→ **Dataset items**
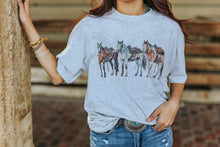 Load image into Gallery viewer, Saddled Horses Graphic Tee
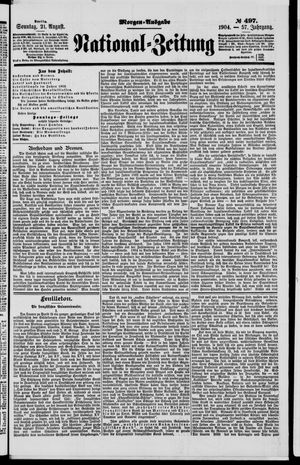 Nationalzeitung vom 21.08.1904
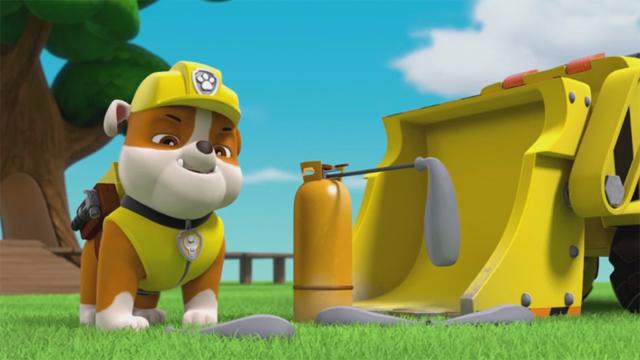 汪汪队立大功 狗狗巡逻队天天洗漱被阿奇捣乱 亲子游戏玩具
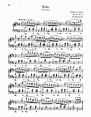Frederic Chopin "Waltz In B Minor, Op. 69, No. 2" Sheet Music PDF Notes ...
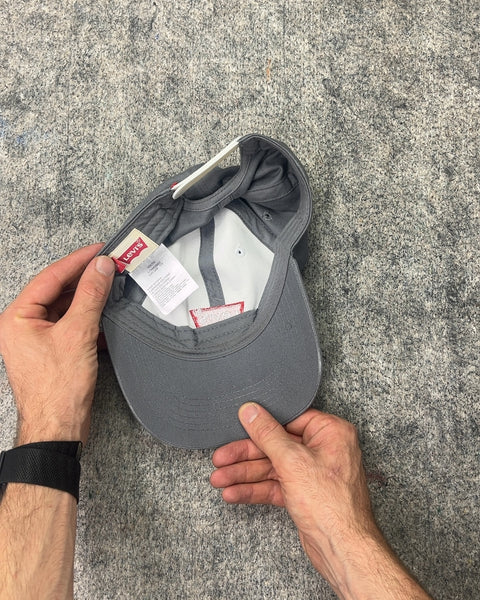 Levi's Gray and White Baseball Cap, Size Youth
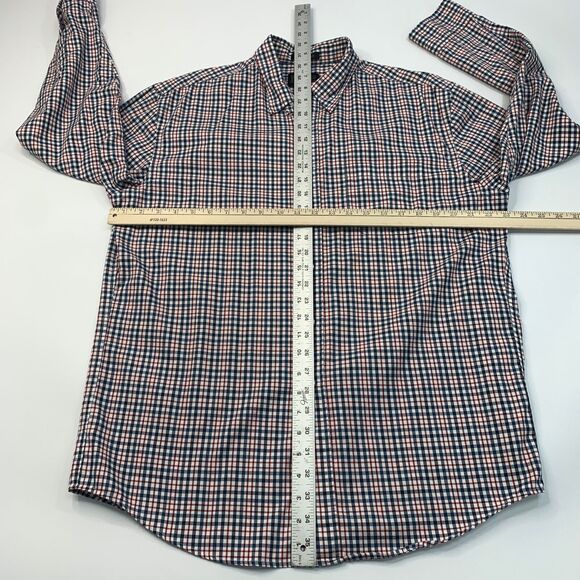 Pendleton Shirt Mens L Large Blue Red Plaid Bridgeport Button Down Long Sleeve - Picture 5 of 10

→ **Task statement**
Extract, word for word, every line from the one containing "PDF Notes ..." to the end of the data above, both ends included, and leave out the pictures.

→ **Reply to the exercise**
Frederic Chopin "Waltz In B Minor, Op. 69, No. 2" Sheet Music PDF Notes ...
 Levi's Gray and White Baseball Cap, Size Youth
 Pendleton Shirt Mens L Large Blue Red Plaid Bridgeport Button Down Long Sleeve - Picture 5 of 10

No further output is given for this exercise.